Marvin Hart, a thirty-five-year-old physical culture instructor, didn’t learn his lesson from the war-time mantra, “Loose Lips Sink Ships.” The drunk chatterbox told a taxicab driver, “Get me out of here; I have just killed a man.” The driver picked Hart up on Wilshire near the Los Angeles Country Club and drove him to a rooming house at 1842 N. Cherokee Street in Hollywood. The same building in which Short lived for a time. Rattled, the taxi driver went to the police and gave his statement.

Detectives brought Hart in for questioning. That he lived in the same building as Short and took her out a few times piqued their interest. They asked him to explain nis torn coat. “I had a fight with my girlfriend. We were at a party in West Los Angeles last night, and I guess I got pretty drunk.”

Marvin Hart. Photo courtesy LAPL.

Hart was a bone-headed blabbermouth, but he wasn’t a killer.

LAPD Vice Squad officers arrested Altadena resident Hugh Torbert Jr., on April 17, after trailing him and a female companion to a downtown hotel. While the officers waited for the perfect moment to break down the door and make a bust, they overheard Torbert tell the woman with him he knew Short, but didn’t want to get involved in the investigation.

Hugh Torbert. Photo courtesy LAPL.

Captain Jack Donohoe, head of LAPD’s homicide detail, checked into Torbert’s background. Torbert was in the Army and served at Camp Cooke, where Short worked at the Post Exchange. Tantalizing bits of information; leading to another blind alley.

One confessor made front page news. Joseph Dumais.

The February 8, 1947 edition of the Herald, announced that the army had the Black Dahlia’s killer in custody.

The Herald story began with a definitive statement. “Army Corporal Joseph Dumais, 29, of Fort Dix, N.J., is definitely the murderer of the Black Dahlia, army authorities at Fort Dix announced today.”

Dumais, a combat veteran, returned from leave wearing blood-stained trousers with his pockets crammed full of clippings about Short’s murder. According to the Herald, Dumais made a 50-page confession in which he claimed to have had a mental blackout after dating Elizabeth Short in Los Angeles five days before Betty Bersinger discovered the body.

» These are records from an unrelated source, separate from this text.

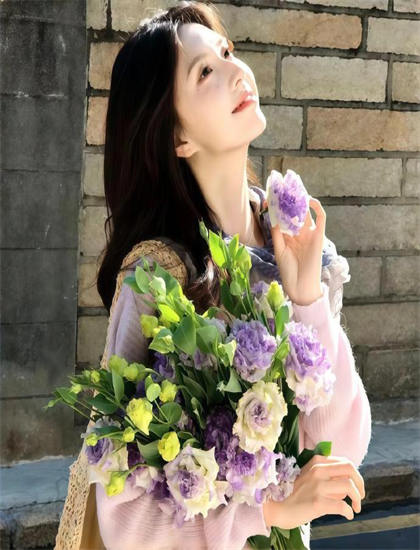 如何欣赏女村长？观看指南教你理解社会意义与现实价值 提升观影体验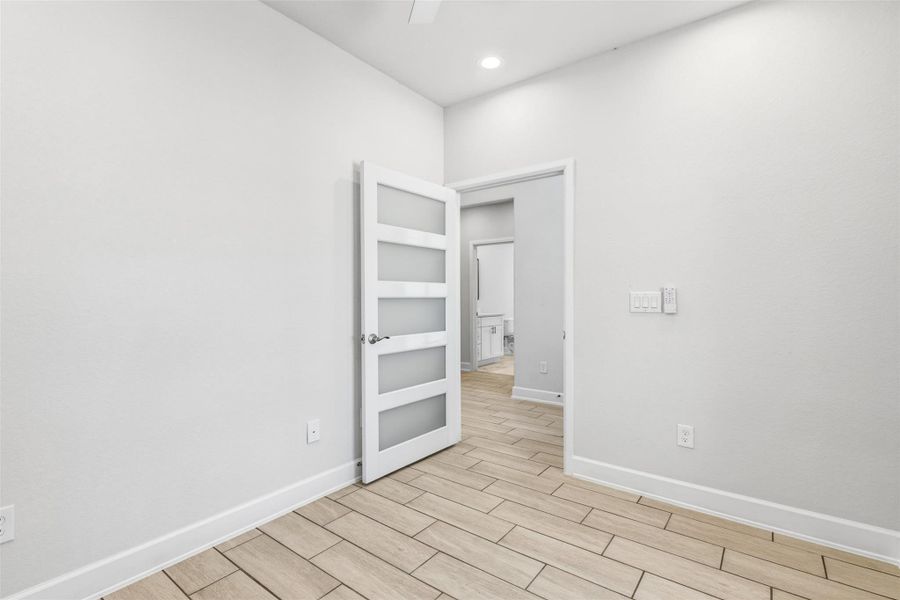 Spacious, unfurnished interior of a new home in , San Antonio (Image 14).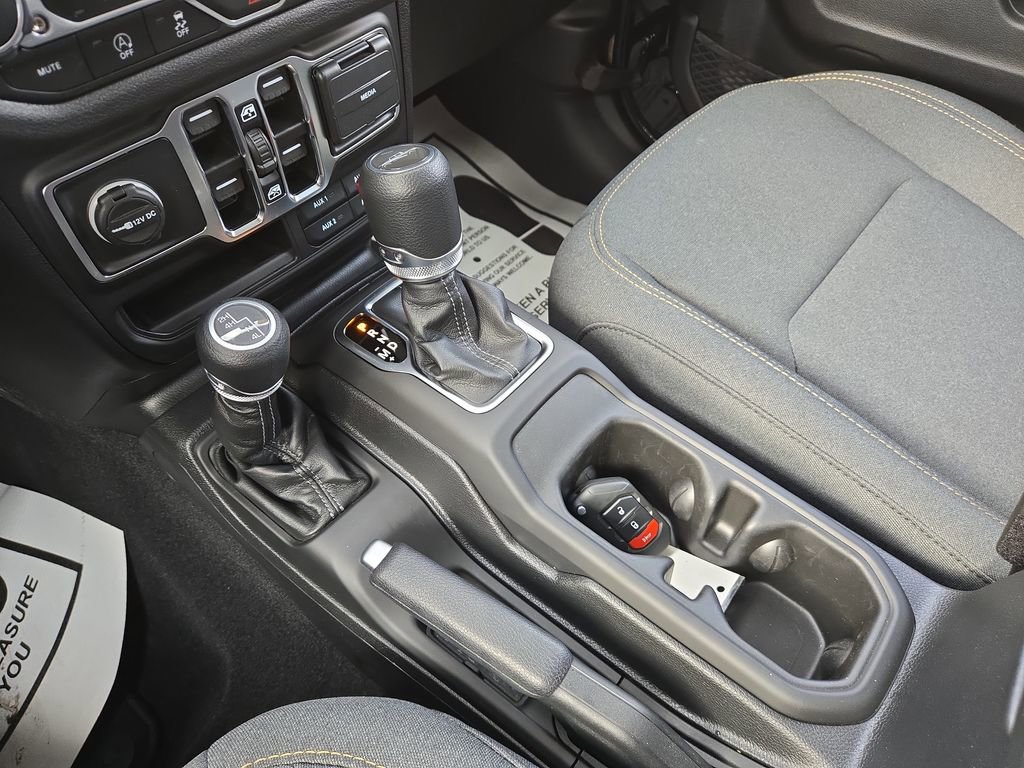 Used 2025 Jeep Gladiator Sport image 24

Joseph Dumais. Photo courtesy LAPL.

The good-looking corporal seemed like the real deal. He told the cops, “When I get drunk, I get pretty rough with women.” Unfortunately, when police checked his story against known facts, the confession didn’t hold up. The Army sent Dumais to a psychiatrist.

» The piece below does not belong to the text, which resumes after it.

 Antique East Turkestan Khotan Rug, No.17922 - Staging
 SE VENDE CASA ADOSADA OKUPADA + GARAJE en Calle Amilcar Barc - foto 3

Time passed, and the investigation faded from the headlines. So, too, did the steady stream of confessors.

On November 8, 1950, a thirty-five-year-old movie bit player and member of the Screen Actor’s Guild, Max Handler, became the twenty-fifth person to confess to murdering Elizabeth Short (one man confessed four times).

Handler phoned LAPD homicide and said he was “cracking up.” In his signed confession, he said, “I killed the Black Dahlia girl, for which I am sorry.” He said he didn’t recall committing the murder.

Max Handler with Det. Ed Barrett (in hat and glasses). Photo courtesy LAPL

Detectives revealed that a man resembling Handler and a young woman resembling Short were seen together in a Hollywood bar and at a motel on or about the date of her murder, January 15, 1947.

One clue gave detectives hope. In Short’s purse, found several days after her murder, was the business card of a local real estate company. The same company Handler worked for.

Police abandoned a lie detector test because Handler was so distraught, they knew they would never get an accurate reading.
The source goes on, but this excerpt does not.